> DATA SHOWN

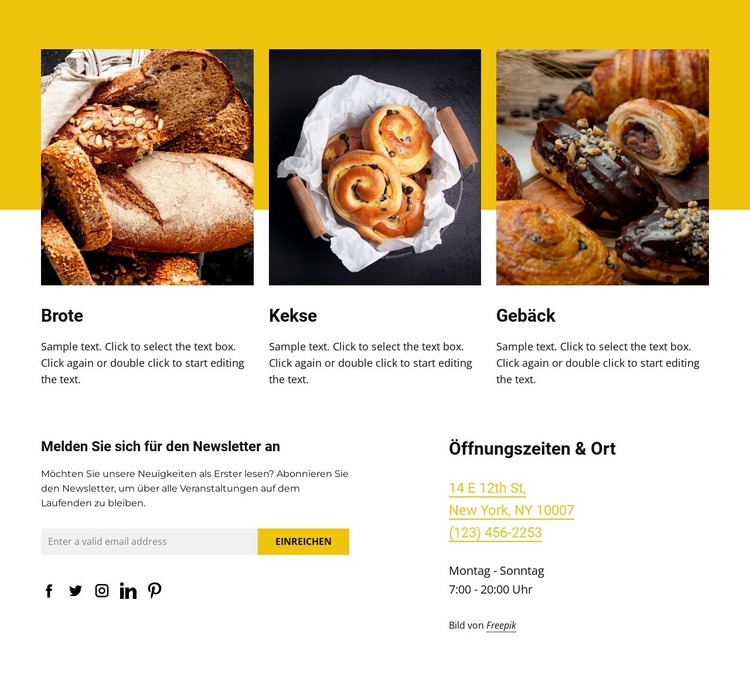 Frisches, handgemachtes Brot Website Builder-Vorlagen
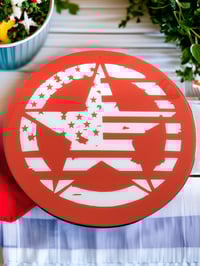 Image 1 of 14" Lazy Susan Turntable Epoxy Resin Art American Star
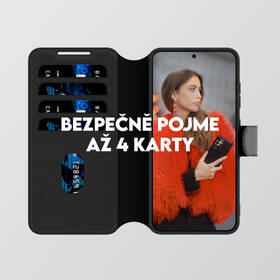 Pouzdro na mobil flipové PanzerGlass CARE Wallet Kickstand na Samsung Galaxy S25 černá barva
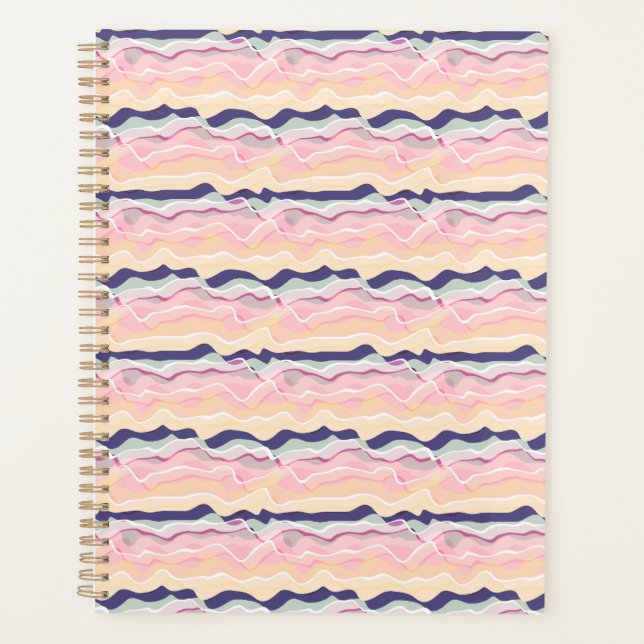 Multicolour Pastel Wave Pattern Planner (Front)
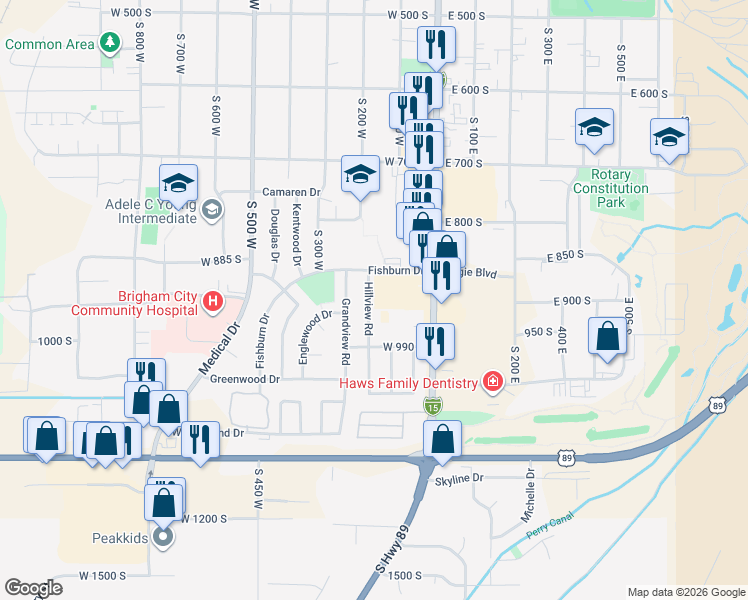 map of restaurants, bars, coffee shops, grocery stores, and more near 935 Hillview Road in Brigham City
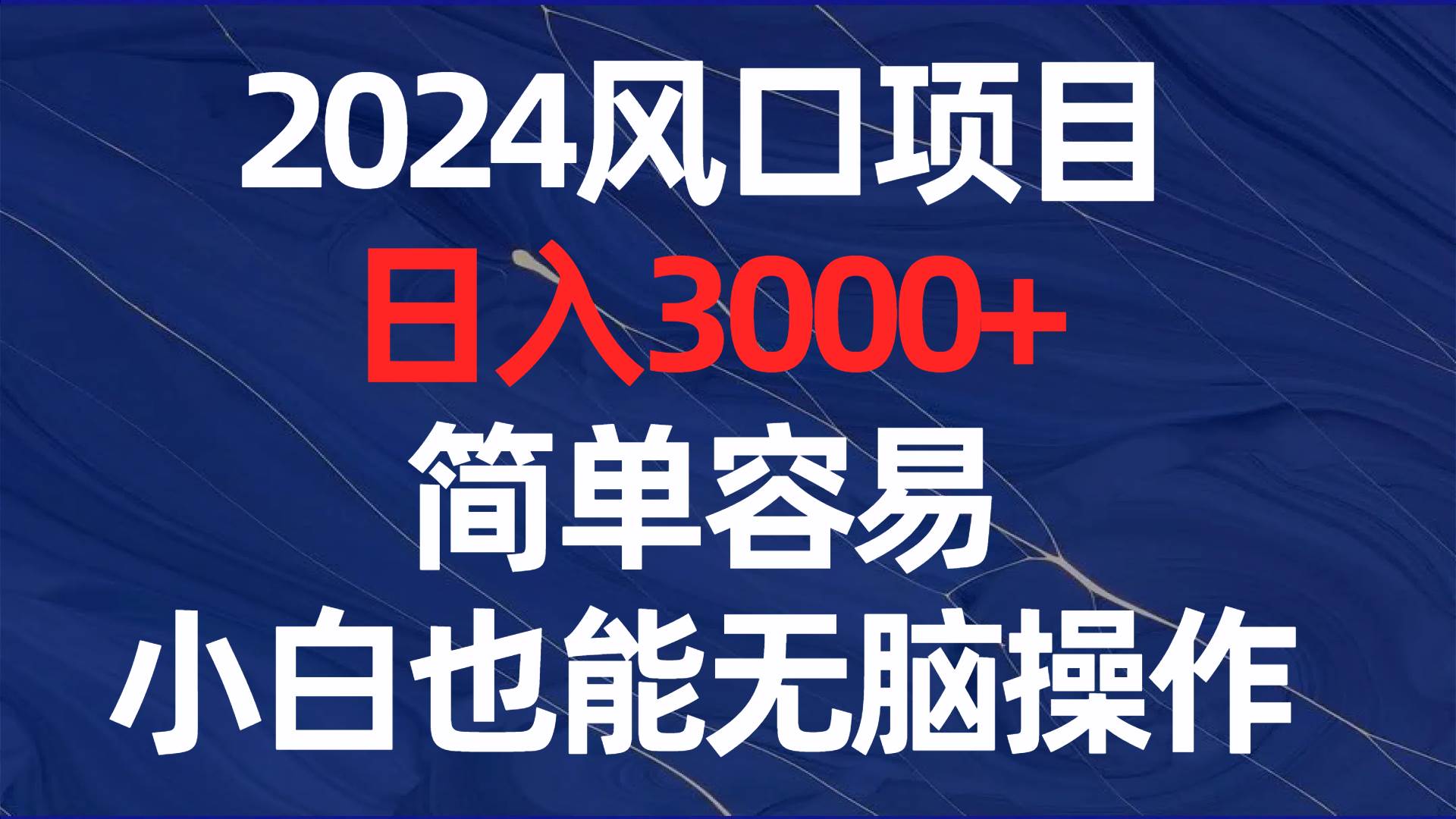 （8432期）2024风口项目，日入3000+，简单容易，小白也能无脑操作-云笙网创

> WHAT IS BEING ASKED
Set down the records again exactly as they appear, leaving each picture behind.

> ANSWER SPACE
 Frisches, handgemachtes Brot Website Builder-Vorlagen
 Image 1 of 14" Lazy Susan Turntable Epoxy Resin Art American Star
 Pouzdro na mobil flipové PanzerGlass CARE Wallet Kickstand na Samsung Galaxy S25 černá barva
 Multicolour Pastel Wave Pattern Planner (Front)
 map of restaurants, bars, coffee shops, grocery stores, and more near 935 Hillview Road in Brigham City
 （8432期）2024风口项目，日入3000+，简单容易，小白也能无脑操作-云笙网创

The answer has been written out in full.